Fin des importations de poulet : la régulation vétérinaire comme bouclier de l’économie et de la santé
En 2027, le Gabon s’apprête à opérer un tournant souverainiste majeur avec l’interdiction programmée des importations de volailles congelées. Saluée par l’ensemble de la filière, cette décision du chef de l’État, Brice Clotaire Oligui Nguema, contraint le pays à métamorphoser son modèle d’élevage. Mais produire plus exige impérativement de produire mieux : au-delà de l’autonomie alimentaire, la clé du succès réside dans la préservation de la santé du cheptel et la qualité sanitaire des produits livrés aux consommateurs.
C’est dans cette optique que s’est tenu le 28 août dernier un webinar sous le thème « L’impact du médicament vétérinaire sur la santé animale, l’environnement, l’industrie agroalimentaire et le commerce international ». Cet session d’échange organisé par l’Ordre des médecins vétérinaires du Gabon, en partenariat avec le cabinet VET SPEED, MEDIVET et le Groupement d’Intérêt Avicole avait donc pour objectif de discuter du rôle que doit jouer chaque acteurs du secteur avicol notamment les médecins vétérinaires dans la mise en place de ce programme d’envergure.

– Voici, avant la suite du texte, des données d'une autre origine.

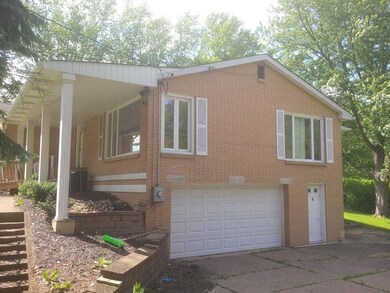 right side view with 2 car garage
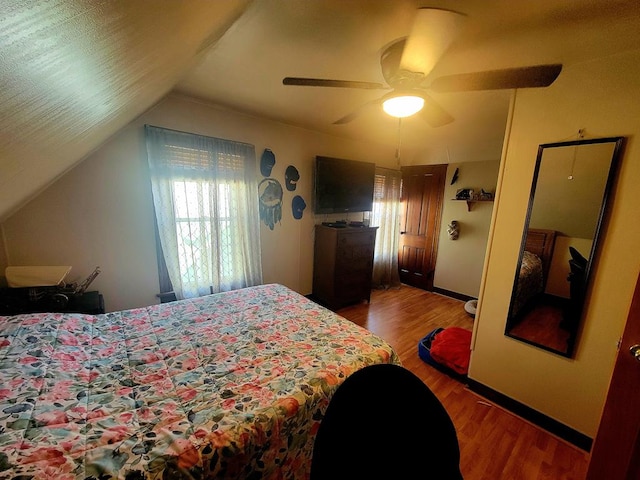 bedroom featuring hardwood / wood-style flooring, vaulted ceiling, and ceiling fan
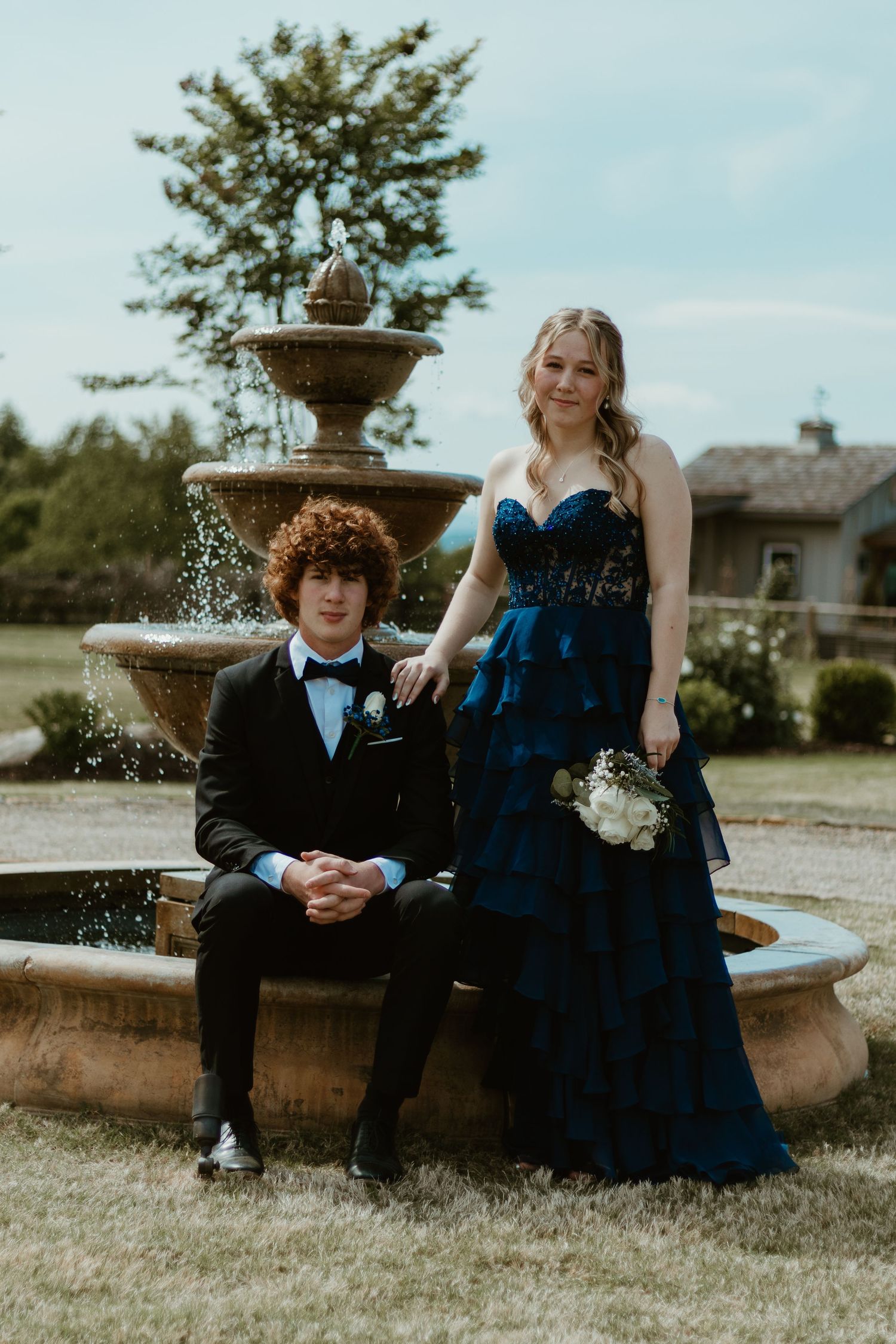 A formal couple poses by an elegant fountain in blue gown and black tuxedo at The Venue at Broken Bridges in Toccoa, GA.
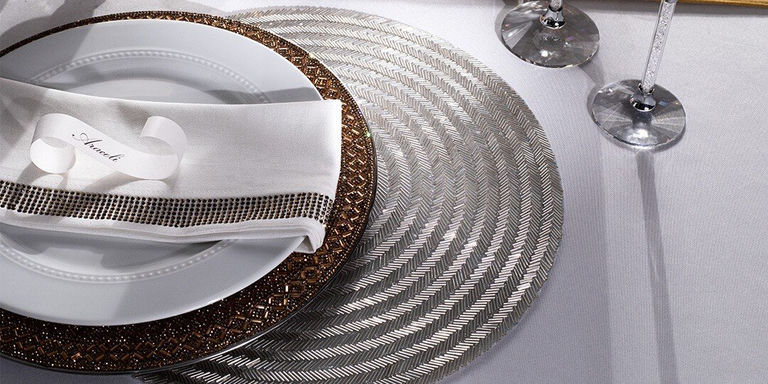 Mesa con plato blanco sobre cargador de bronce con pedrería, colocado sobre mantel individual plateado con patrón de chevron. Servilleta blanca con anillo de pedrería y tarjeta de lugar pequeña dispuestos junto a cristalería en mantel blanco.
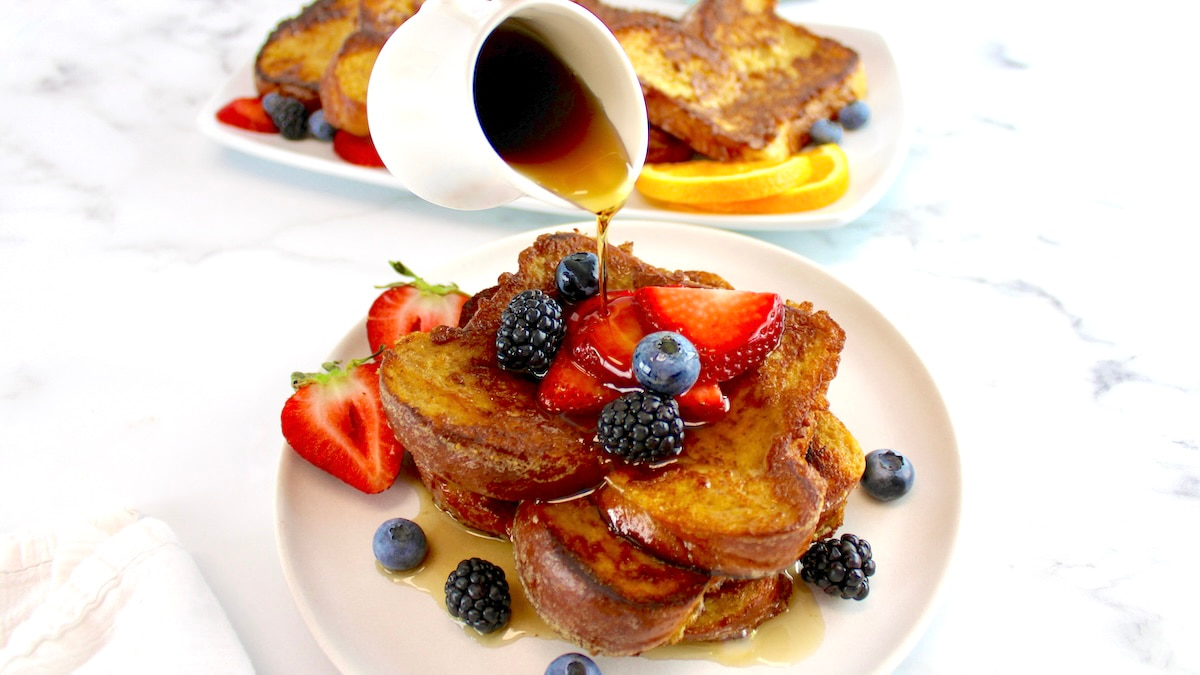 Keto French Toast on white plate with fresh berries on top and maple syrup being poured over
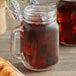 Two glass mason jars filled with Caribou Coffee Daybreak Morning Blend iced coffee on a white background.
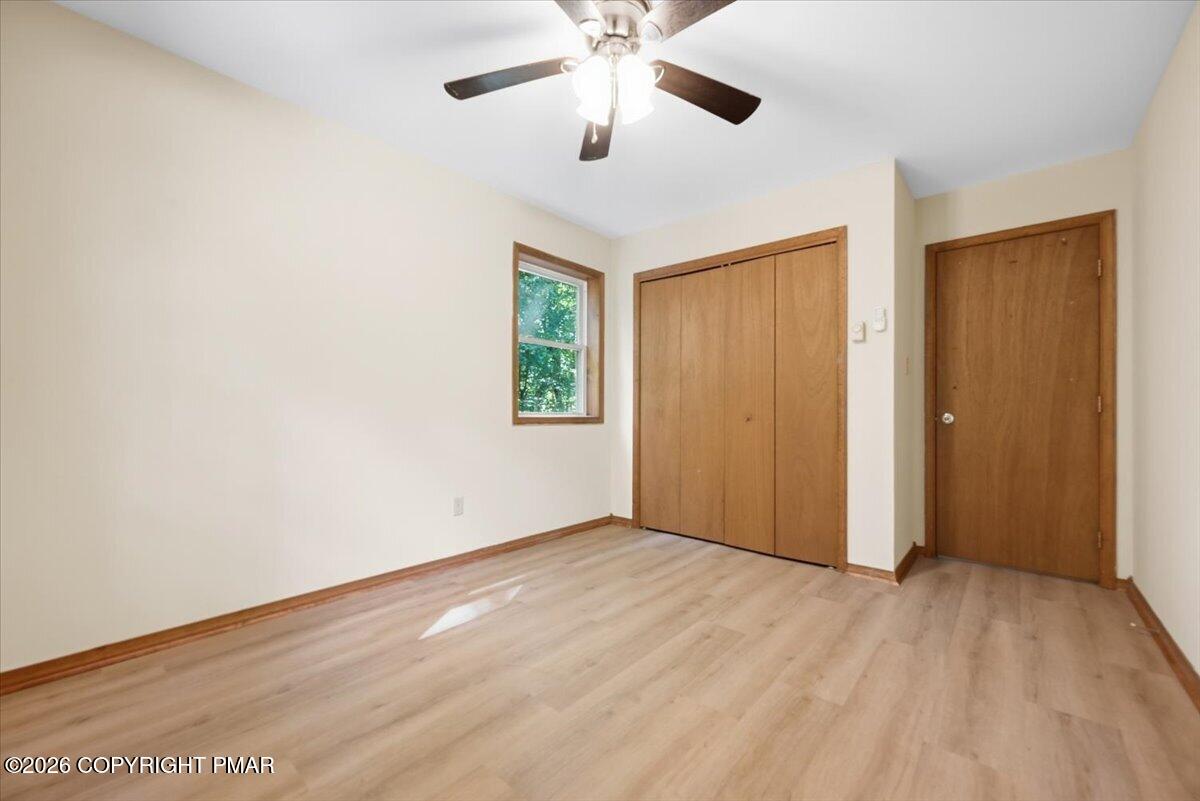 Empty bedroom with wood-look floors, a double-door closet, and a ceiling fan.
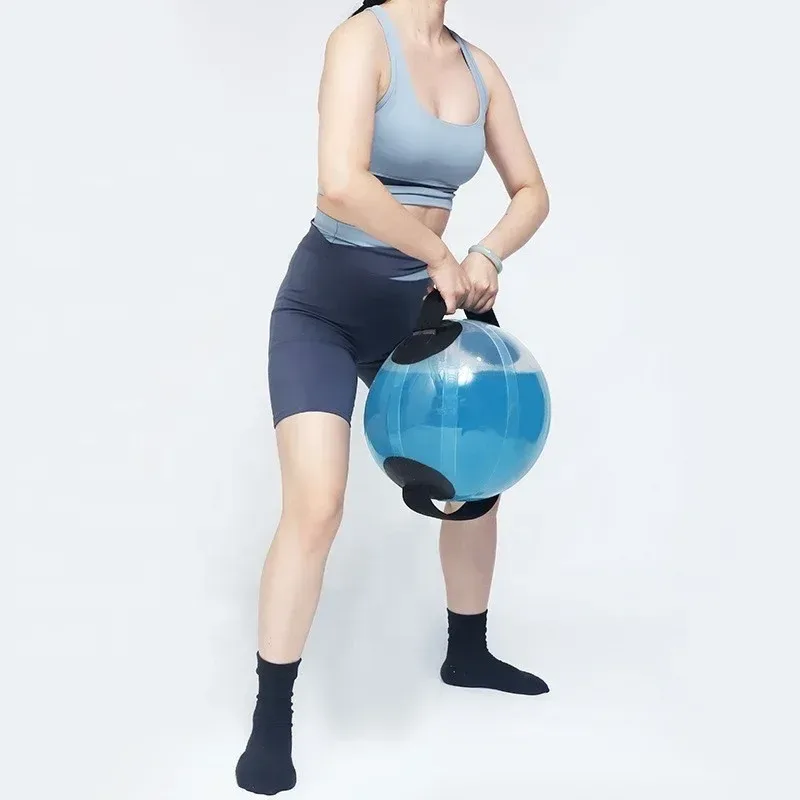 water filled training ball held low for a squat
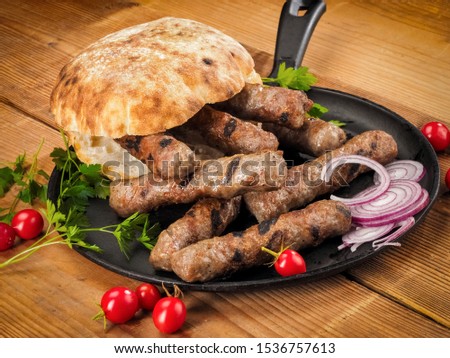 Grilled cevapi with roasted bread bun in a pan on wood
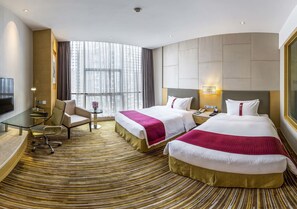 A hotel room with two beds, a desk, a chair, a TV, and a large window with curtains.
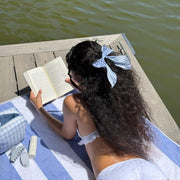 model reading a book while wearing Bow Barrette in Baby Blue Gingham in hair and laying on striped towel across wooden dock next to emi jay hair care and accessories 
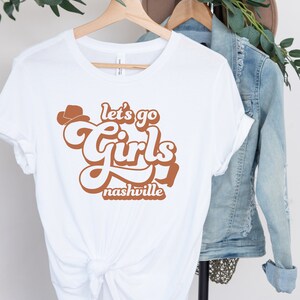 May include: White t-shirt with a brown graphic that says "Let's go girls Nashville" in a retro font.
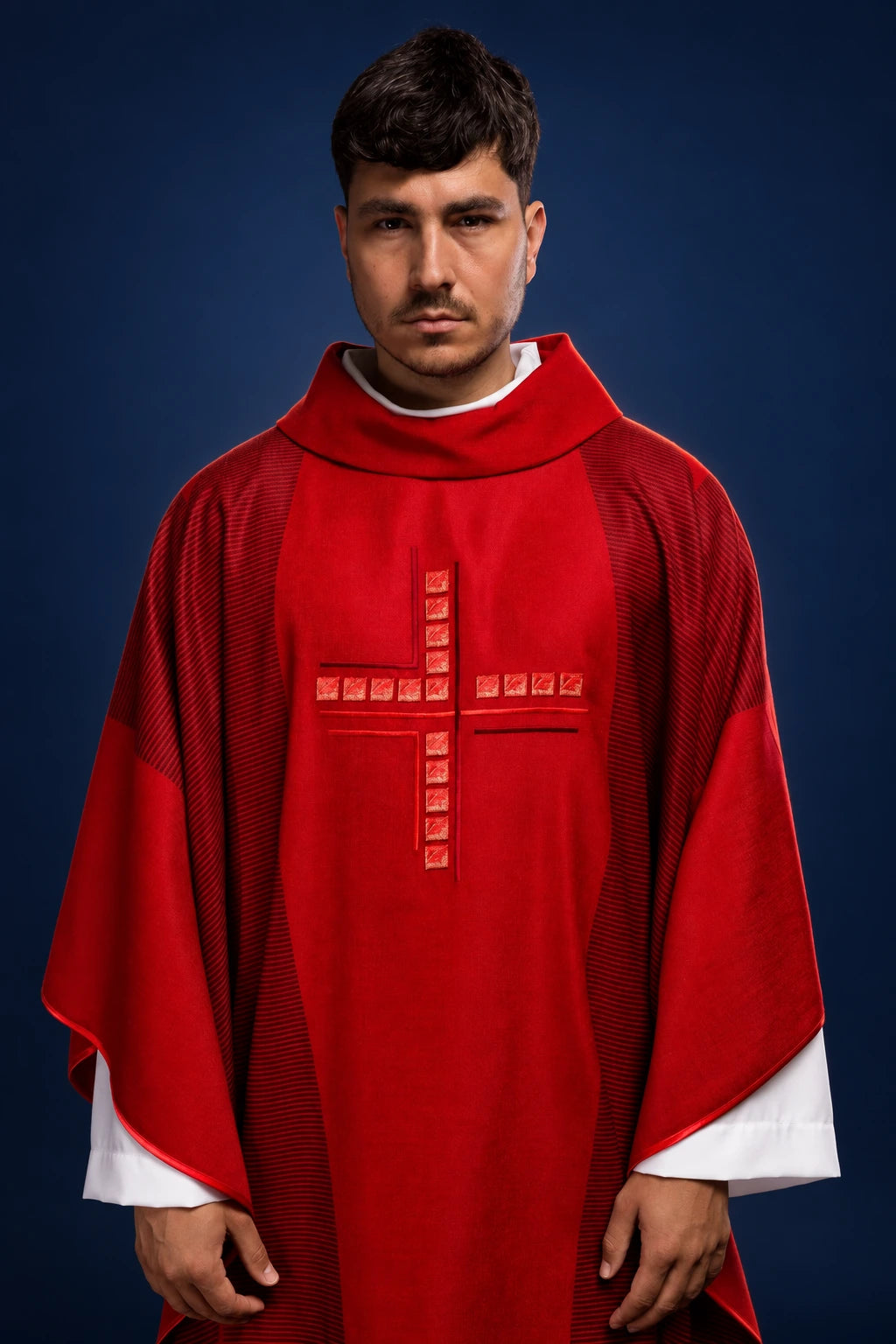 Front view of a red chasuble with a square cross motif on the chest
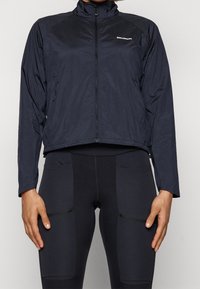 Svart lättviktsjacka med hög krage, hel dragkedja fram och långa ärmar. Har varumärkets logotyp på bröstet och en stilren design.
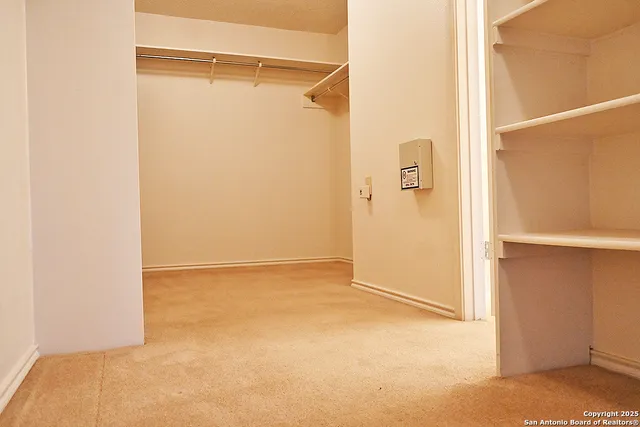 a view of an empty room with closet and a ceiling fan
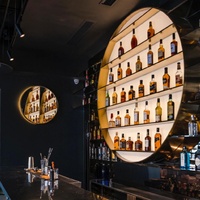 Nouveau design de comptoir de bar, armoire murale de présentation de vin tout-en-un, casier à vin circulaire lumineux à LED pour club et bar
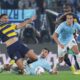 Parma's Simon Sohm, left, in action with Lazio's Mattia Zaccagni, center, and Matteo Guendouzi during the Italian Serie A soccer match between Lazio and Parma at the Rome's Olympic stadium, Italy Monday, April 28, 2025. (Alfredo Falcone/LaPresse via AP)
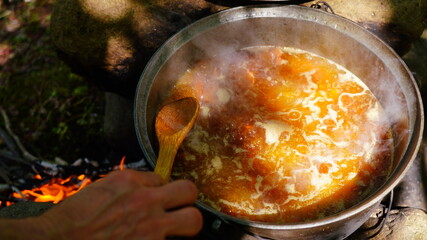 cooking lamb pilaf on a fire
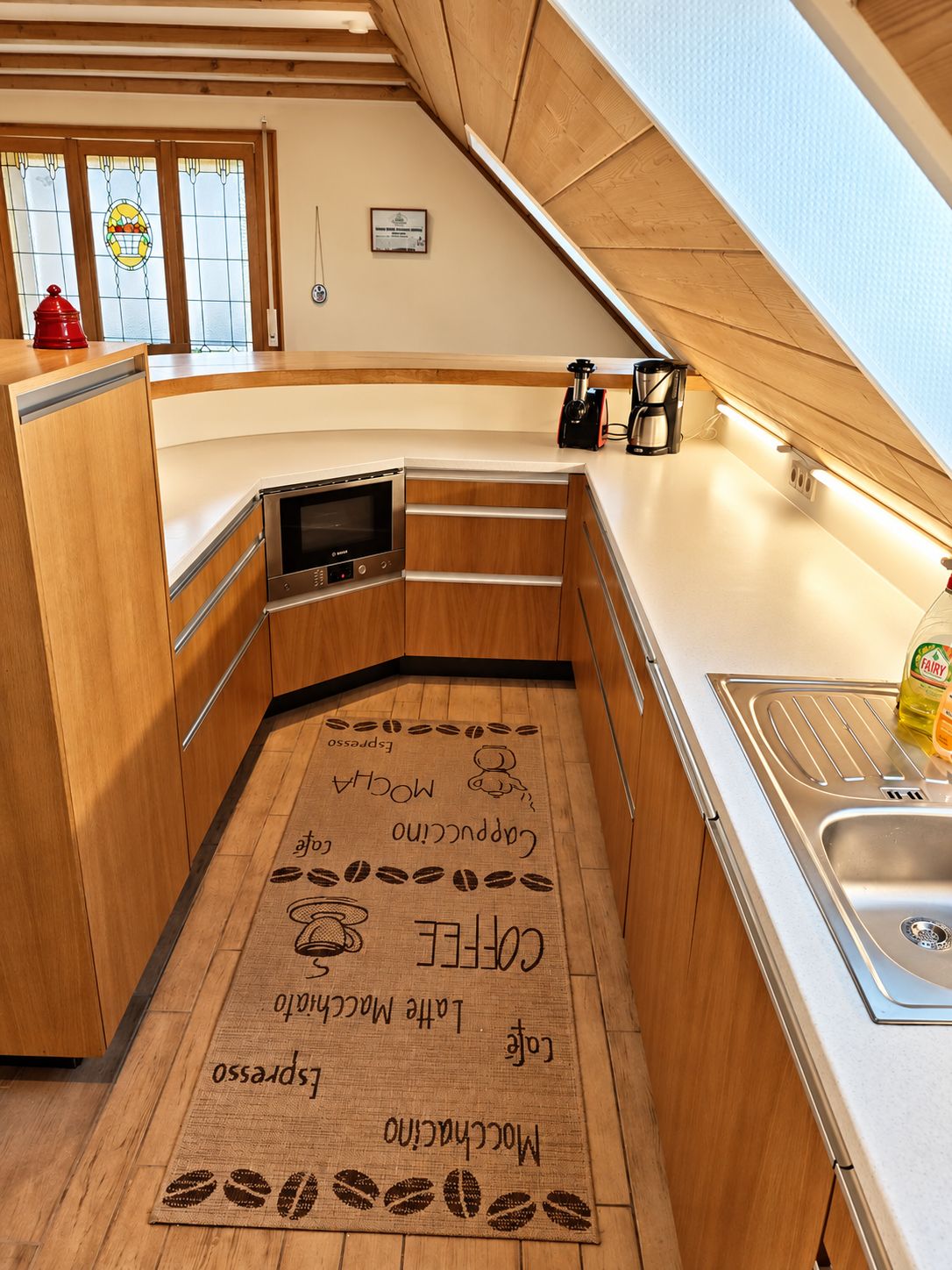 A compact kitchen with wooden cabinets, a built-in oven, a coffee machine, and a sink.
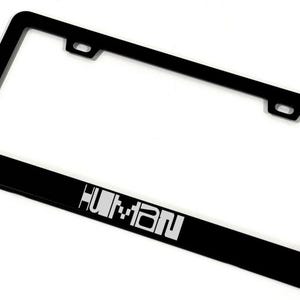 May include: A black license plate frame with the word "HUMAN" in white block letters. The frame has a rectangular shape with rounded corners and two mounting holes at the top.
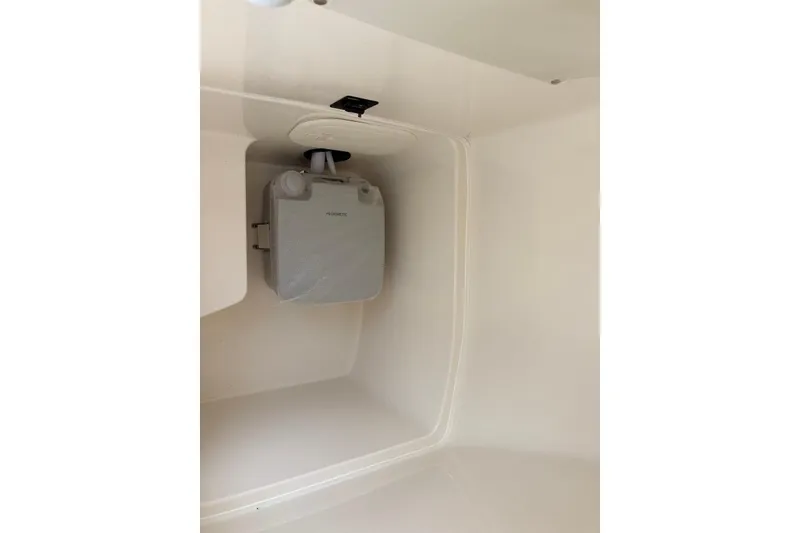Slide: The Image of Interior view of 2022 Cobia 220 Center Console boat compartment with mounted equipment. - 17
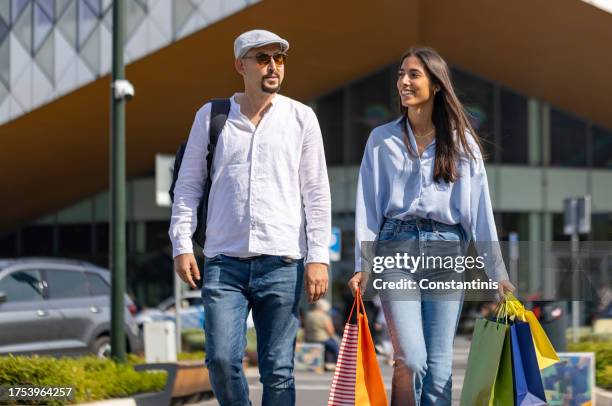 Boyfriend And Girlfriend Walking In Front Of The Shopping Mall While A Young Woman Carrying Shopping Bags High-Res Stock Photo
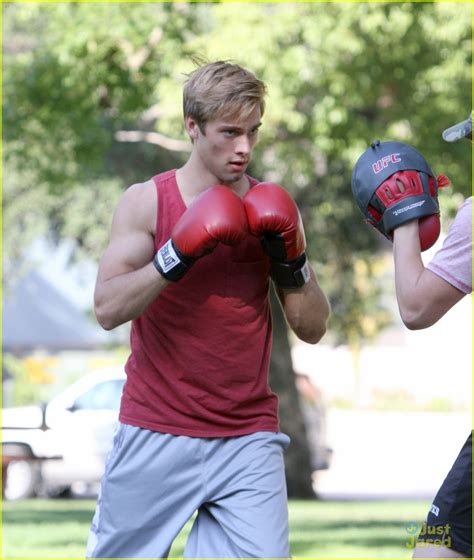 Austin North Shows Off His Buff Biceps While Boxing In The Park Photo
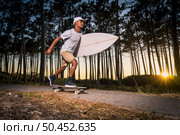 Surf skater rolling by the pine forest at sunset with his surfboard in Maceda, Ovar - Portugal. Стоковое фото, агентство Ingram Publishing / Фотобанк Лори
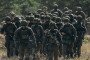 Polish Army soldiers from the 3rd Podkarpacka Territorial Defense Brigade are seen during training at the Nowa Dba military training area as part of exercise Iron Defender 25. (Source: Getty Images)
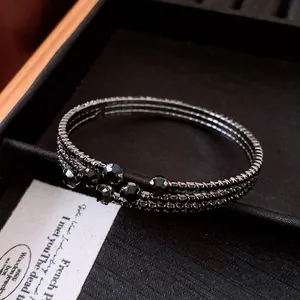 Close-up of vintage black rhinestone elastic open bangle with elegant crystal detail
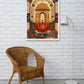 A framed art print featuring a traditional Indian architectural archway with a large red lotus flower, displayed on a white brick wall above a wicker chair and next to a white floor lamp.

En effet, la Résistance aux Antimicrobiens (RAM), qualifiée par l’ONU et l’OMS de « pandémie silencieuse », figure parmi les dix plus grandes menaces pour la santé publique mondiale. Dans un contexte d’intensification avicole, la maîtrise du médicament vétérinaire devient cruciale.
Une mauvaise utilisation des antibiotiques détruit leur efficacité thérapeutique et laisse des résidus dangereux dans nos assiettes, provoquant près de 10 millions de morts annuelles dans le monde. « Un animal mal soigné ou un médicament mal contrôlé peut entraîner des crises sanitaires majeures. L’antibiorésistance détruit l’efficacité des soins et menace directement la santé humaine », a rappelé le président de l’Ordre des Médecins Vétérinaires du Gabon, Dr. Bertony Otoro.
L’impératif d’un encadrement rigoureux et scientifique
L’essor de la filière ne pourra s’effectuer à l’aveugle. L’intensification des cheptels augmente mécaniquement les risques d’épizooties, comme l’ont rappelé les crises de grippe aviaire ayant décimé des dizaines de milliers de volailles en Afrique de l’Ouest ces dernières années.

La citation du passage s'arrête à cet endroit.